Thursday, September 14, 2017

How can I be sure? - And other questions about doubt, assurance and the Bible

by John Stevens
93 pages / 2014

Without a doubt, this book is sure to be useful for any Christian who wonders whether he or she believes, or whether what he or she has always believed is still true. The author John Stevens demonstrates just how many reasons for and types of doubt there are when, in the book's introduction, he gives eight portraits of Christians who lack assurance in their faith in some form or another.

What makes this gallery of doubters so effective is what Stevens does with it at the end of the book.
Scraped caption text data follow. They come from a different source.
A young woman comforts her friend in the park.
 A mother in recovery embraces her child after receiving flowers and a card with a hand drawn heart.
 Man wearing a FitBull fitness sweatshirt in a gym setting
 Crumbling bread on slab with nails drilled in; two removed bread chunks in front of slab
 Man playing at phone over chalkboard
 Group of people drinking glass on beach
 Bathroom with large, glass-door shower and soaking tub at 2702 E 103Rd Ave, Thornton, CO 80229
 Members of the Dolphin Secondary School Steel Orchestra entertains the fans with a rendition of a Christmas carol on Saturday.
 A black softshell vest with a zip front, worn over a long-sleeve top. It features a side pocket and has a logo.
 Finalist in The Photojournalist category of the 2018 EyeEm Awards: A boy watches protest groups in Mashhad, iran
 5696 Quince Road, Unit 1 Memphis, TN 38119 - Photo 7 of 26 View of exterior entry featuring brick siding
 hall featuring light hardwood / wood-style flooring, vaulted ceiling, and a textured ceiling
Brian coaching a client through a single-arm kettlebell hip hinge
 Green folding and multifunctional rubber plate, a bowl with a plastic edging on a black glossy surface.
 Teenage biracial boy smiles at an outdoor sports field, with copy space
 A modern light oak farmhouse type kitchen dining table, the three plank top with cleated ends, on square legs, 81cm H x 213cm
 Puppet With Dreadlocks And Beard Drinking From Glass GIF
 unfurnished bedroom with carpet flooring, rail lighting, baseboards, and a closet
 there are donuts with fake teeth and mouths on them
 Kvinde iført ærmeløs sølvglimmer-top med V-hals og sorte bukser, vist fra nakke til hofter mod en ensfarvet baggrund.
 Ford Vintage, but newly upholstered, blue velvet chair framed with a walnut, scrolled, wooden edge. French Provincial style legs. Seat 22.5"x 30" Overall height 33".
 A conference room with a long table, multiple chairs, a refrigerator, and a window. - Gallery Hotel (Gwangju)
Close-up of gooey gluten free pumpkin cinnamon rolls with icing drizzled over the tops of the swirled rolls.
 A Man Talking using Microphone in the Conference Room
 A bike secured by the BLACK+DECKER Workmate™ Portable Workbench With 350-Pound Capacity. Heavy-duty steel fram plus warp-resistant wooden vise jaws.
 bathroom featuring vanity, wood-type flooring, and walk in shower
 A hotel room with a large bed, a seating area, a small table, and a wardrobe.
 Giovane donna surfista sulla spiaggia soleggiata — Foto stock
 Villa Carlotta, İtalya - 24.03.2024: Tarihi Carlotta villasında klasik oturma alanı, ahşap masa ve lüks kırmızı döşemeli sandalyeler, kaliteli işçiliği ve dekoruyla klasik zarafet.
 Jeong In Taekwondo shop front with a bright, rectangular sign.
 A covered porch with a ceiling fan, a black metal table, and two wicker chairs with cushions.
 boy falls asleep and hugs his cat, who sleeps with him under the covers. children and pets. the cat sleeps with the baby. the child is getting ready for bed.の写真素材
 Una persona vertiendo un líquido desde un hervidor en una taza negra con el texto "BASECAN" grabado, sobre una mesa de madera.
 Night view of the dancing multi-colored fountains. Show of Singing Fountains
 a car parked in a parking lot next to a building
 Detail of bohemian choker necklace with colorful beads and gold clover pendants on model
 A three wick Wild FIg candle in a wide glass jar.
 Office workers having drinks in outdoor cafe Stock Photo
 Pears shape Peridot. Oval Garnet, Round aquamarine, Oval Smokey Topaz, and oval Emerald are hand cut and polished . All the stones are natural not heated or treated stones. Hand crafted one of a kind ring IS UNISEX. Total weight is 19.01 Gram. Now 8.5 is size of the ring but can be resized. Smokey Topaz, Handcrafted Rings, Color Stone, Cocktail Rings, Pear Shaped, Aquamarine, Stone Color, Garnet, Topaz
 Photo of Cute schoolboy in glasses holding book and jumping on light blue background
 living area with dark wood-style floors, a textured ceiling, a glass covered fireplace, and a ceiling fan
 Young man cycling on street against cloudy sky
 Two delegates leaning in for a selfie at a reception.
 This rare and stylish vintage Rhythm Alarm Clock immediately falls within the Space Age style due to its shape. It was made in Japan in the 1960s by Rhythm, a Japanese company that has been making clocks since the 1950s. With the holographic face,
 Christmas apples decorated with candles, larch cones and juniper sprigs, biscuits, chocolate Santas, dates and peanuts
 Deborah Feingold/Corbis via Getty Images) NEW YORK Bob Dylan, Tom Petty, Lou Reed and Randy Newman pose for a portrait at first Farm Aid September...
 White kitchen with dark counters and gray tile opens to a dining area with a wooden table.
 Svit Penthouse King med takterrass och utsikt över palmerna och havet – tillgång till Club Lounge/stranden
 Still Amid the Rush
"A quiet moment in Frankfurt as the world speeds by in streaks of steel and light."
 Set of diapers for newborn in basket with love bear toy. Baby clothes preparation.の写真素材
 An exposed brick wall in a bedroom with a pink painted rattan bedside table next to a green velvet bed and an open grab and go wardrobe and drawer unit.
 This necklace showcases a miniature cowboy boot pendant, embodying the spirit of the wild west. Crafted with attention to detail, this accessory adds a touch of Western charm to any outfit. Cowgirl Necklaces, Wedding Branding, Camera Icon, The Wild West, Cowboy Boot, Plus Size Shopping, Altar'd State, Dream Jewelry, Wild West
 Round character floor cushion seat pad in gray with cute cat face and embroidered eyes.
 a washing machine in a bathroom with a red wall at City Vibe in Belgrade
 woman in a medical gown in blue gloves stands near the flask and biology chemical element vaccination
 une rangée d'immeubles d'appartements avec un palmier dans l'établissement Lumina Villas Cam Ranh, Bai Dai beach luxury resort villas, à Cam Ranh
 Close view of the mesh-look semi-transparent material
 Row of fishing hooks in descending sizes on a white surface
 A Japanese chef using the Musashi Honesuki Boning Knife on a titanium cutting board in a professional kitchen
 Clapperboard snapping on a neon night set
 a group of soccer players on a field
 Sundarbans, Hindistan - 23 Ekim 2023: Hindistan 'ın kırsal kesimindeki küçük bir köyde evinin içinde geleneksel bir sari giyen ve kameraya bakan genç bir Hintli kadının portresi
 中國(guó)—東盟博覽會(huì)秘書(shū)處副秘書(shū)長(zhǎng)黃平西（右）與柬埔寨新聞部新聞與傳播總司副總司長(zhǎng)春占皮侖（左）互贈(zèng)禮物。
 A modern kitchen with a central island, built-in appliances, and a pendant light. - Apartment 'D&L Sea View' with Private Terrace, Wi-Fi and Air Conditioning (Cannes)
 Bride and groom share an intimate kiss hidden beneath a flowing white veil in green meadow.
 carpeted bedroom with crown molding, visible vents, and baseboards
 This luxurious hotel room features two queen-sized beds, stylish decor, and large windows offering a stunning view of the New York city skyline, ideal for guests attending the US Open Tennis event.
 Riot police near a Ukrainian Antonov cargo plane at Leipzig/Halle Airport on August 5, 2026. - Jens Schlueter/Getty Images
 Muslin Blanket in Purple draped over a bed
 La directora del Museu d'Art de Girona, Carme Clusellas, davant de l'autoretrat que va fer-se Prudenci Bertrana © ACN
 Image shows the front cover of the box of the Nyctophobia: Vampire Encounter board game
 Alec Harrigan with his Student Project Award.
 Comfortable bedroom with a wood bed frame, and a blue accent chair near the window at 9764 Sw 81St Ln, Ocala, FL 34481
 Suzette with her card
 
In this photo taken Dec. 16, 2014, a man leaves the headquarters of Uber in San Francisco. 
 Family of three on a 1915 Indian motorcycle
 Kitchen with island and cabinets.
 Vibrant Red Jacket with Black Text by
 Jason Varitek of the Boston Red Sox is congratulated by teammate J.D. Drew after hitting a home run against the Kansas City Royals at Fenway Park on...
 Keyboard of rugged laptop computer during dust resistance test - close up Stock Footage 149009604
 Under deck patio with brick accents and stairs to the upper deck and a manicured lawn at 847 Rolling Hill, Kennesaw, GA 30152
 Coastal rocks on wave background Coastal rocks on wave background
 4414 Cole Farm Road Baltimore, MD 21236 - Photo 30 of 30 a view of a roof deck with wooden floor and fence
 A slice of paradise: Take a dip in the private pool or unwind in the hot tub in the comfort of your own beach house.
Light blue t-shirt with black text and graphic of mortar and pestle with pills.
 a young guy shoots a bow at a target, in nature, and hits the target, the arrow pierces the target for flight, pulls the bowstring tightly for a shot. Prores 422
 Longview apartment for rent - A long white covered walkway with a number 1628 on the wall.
First though, in five short chapters, broken up into sections of two to four pages, Stevens
  1. defines doubt in six significant ways;
  2. demonstrates five dangers of doubt;
  3. shows how someone can know he or she is a Christian - in both faith and life;
  4. describes five ways to deal with doubt, including understanding doubt's four root causes; and
  5. outlines six ways to strengthen your faith.
Four of the five chapters also deal briefly with more specific questions like:
  • How do I respond when friends fall away?
  • How can I be sure that God loves me?
  • What is the gift of faith mentioned in the Bible?
  • If God is the one who gives faith, why do I still have doubts?
To see just how helpful this book is, let's look at the answer to the first question, one that many in my own congregation are struggling with. If friends are falling away, Stevens tells us, we should do the following:
  1. Pray for them and seek to share the gospel with them again, urging them to come back to Christ. (Sadly, excommunication in our churches often ends all contact with the former members, rather than making that contact much more deliberate, intentional and lovingly corrective.)
  2. Don't be surprised or think that God has failed them in some way. Stevens reminds us that unbelief is the responsibility of the individual.
  3. Make every effort to strengthen and protect our own faith, joining with other believers in prayer and studying God's word.
  4. Finally, the falling away of our friends should prompt us to examine our own doubts to be sure that they do not become unbelief.
Stevens' conclusion, as I hinted above, invites us to consider the doubters profiled in the introduction - why they are suffering with doubt, and how you could help them - and gives us his own view, as well as some final words of comfort and exhortation.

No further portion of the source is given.